Un bon hiver malgré un début difficile
Près des deux tiers des établissements interrogés se disent satisfaits ou très satisfaits de la saison hivernale. Les meilleurs résultats sont observés dans l’espace alpin, malgré un début de saison marqué par des conditions d’enneigement parfois difficiles. «Ces dernières années, nombre de destinations et d’établissements ont anticipé et investi dans des offres alternatives», explique Martin von Moos, président d’HotellerieSuisse. «Les résultats montrent que ces investissements visant à renforcer l’attractivité tout au long de l’année portent leurs fruits.» 

Les régions urbaines et rurales affichent un niveau de satisfaction plus mesuré, reflet de structures de demande différentes selon les territoires. En parallèle, la pression sur les charges demeure élevée. Près d’un établissement sur deux signale une hausse de ses dépenses, principalement liée au personnel. La pénurie persistante de main-d’œuvre qualifiée et la progression des coûts salariaux poussent une partie des hôteliers à ajuster leurs tarifs.

Des attentes modestes, surtout en ville
Dans l'ensemble, les attentes pour l'été restent modestes. Plus de la moitié des établissements déclarent déjà subir les effets négatifs du conflit au Proche-Orient. Ces impacts se traduisent par des annulations et une réticence manifeste à effectuer de nouvelles réservations. Les établissements urbains apparaissent comme les plus exposés.
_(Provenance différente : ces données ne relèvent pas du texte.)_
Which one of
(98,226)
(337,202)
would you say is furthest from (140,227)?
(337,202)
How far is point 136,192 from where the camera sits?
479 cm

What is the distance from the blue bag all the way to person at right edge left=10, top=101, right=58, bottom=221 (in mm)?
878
HotellerieSuisse souligne également les conséquences indirectes du conflit sur le trafic aérien international. Les perturbations touchant les grands hubs du Golfe compliquent les connexions entre la Suisse et plusieurs marchés long-courriers stratégiques d’Asie et d’Océanie.

Le comportement de réservation évolue aussi. L’incertitude, la hausse des frais de voyage et un besoin accru de sécurité conduisent davantage de voyageurs à reporter ou annuler leurs déplacements. Les membres de l’association constatent cette tendance en particulier sur les clientèles asiatiques, mais aussi américaines. En même temps, les réservations à court terme progressent, rendant la planification plus complexe pour les exploitants.
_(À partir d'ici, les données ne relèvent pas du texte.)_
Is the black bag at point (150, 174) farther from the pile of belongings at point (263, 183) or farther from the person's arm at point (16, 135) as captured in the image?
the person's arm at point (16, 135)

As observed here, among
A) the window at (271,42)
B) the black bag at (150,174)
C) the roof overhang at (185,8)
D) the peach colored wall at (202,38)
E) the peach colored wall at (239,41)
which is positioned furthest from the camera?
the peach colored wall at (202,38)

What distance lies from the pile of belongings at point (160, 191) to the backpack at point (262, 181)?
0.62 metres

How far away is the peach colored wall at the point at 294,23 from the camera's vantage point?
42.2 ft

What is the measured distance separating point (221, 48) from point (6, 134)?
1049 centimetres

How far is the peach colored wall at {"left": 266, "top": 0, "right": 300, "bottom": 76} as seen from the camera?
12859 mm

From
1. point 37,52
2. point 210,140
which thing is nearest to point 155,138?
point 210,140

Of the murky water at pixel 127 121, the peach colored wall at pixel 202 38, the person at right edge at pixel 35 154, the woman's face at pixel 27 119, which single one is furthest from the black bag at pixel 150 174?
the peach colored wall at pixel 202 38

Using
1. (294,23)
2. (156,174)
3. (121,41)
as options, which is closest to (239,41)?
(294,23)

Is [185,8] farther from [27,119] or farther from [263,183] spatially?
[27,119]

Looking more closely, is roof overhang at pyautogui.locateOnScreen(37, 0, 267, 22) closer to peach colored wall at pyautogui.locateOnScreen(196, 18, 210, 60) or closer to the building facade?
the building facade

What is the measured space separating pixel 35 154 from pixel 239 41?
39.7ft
«Vulnérable aux chocs externes»
«La situation actuelle le montre clairement: de bons chiffres ne sont pas synonymes de stabilité, explique Martin von Moos. Notre branche reste vulnérable aux chocs externes.»
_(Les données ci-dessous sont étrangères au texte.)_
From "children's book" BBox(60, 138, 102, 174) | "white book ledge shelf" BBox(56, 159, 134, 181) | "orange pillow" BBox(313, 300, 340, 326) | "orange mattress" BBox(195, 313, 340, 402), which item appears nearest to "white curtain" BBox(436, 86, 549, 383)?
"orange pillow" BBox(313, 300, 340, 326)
L’organisation rappelle dès lors l’importance d’une clientèle diversifiée. La multiplicité des marchés émetteurs et des segments de clientèle constitue, selon elle, un levier essentiel pour amortir les fluctuations de la demande et stabiliser les taux d’occupation.

L’enquête a été réalisée du 27 mars au 7 avril auprès de 268 membres de l’association. (cp)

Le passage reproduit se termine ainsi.